__DATA FOR PROCESSING__:
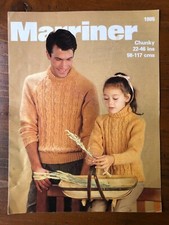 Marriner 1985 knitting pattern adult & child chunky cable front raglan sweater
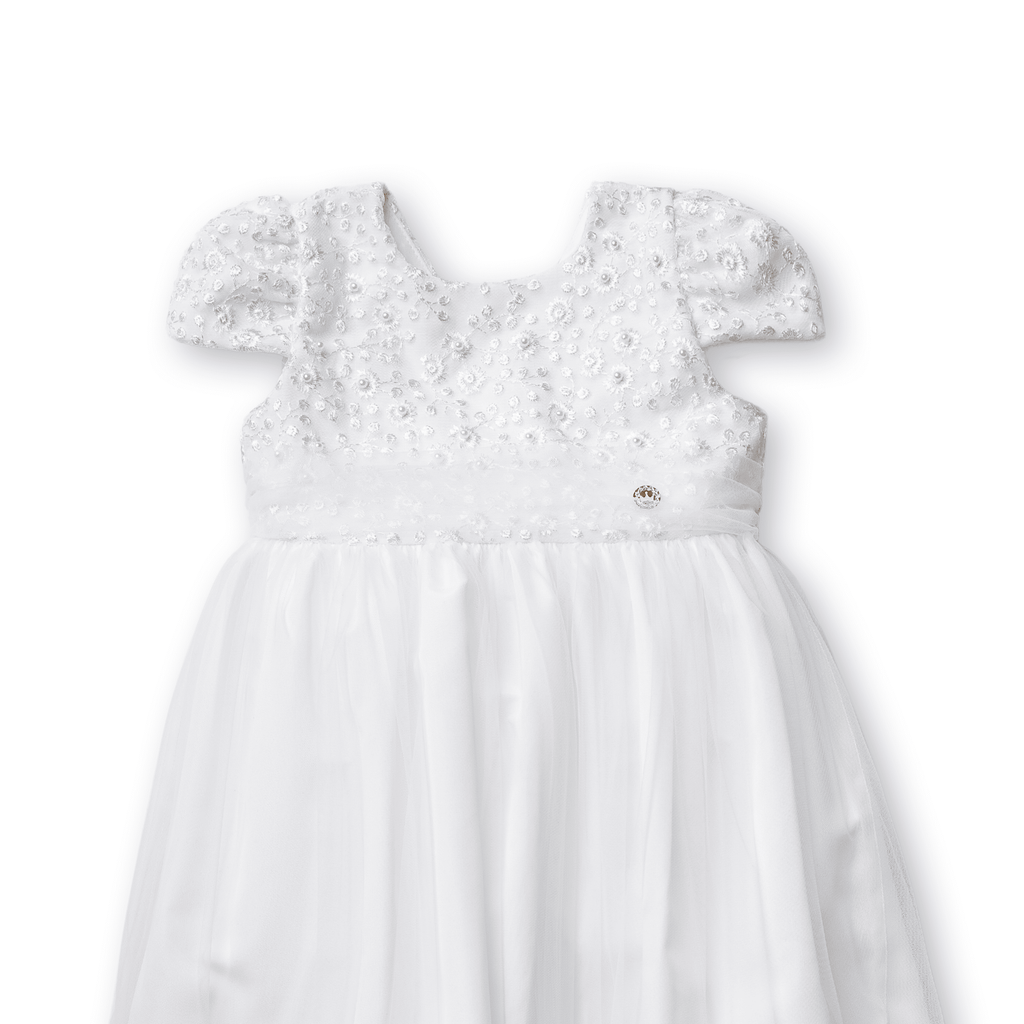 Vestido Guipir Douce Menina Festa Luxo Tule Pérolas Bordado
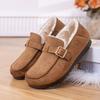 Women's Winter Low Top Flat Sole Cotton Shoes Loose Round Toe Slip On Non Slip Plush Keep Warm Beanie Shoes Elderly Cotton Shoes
...
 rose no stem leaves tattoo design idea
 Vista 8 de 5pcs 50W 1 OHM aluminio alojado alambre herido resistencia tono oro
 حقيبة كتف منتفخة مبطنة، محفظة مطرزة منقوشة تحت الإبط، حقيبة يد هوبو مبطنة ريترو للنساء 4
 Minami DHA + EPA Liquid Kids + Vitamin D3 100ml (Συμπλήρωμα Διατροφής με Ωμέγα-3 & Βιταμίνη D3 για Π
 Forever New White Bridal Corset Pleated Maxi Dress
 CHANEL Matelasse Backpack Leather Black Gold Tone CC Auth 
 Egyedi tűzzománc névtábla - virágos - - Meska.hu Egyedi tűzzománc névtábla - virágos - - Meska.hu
* * *
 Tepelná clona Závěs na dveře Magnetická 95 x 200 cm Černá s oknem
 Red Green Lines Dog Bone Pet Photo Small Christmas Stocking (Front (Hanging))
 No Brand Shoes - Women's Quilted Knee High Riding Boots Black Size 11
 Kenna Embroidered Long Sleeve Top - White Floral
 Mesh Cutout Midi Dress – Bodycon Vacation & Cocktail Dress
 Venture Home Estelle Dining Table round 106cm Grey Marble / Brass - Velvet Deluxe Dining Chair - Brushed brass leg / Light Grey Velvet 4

__GOAL OF THE EXERCISE__: Would you output the lines above from the line holding "Marriner 1985 knitting" up to and including the line holding "Women's Winter Low", exactly and only those, with no pictures?

__ANSWER SPACE__:
 Marriner 1985 knitting pattern adult & child chunky cable front raglan sweater
 Vestido Guipir Douce Menina Festa Luxo Tule Pérolas Bordado
 Women's Winter Low Top Flat Sole Cotton Shoes Loose Round Toe Slip On Non Slip Plush Keep Warm Beanie Shoes Elderly Cotton Shoes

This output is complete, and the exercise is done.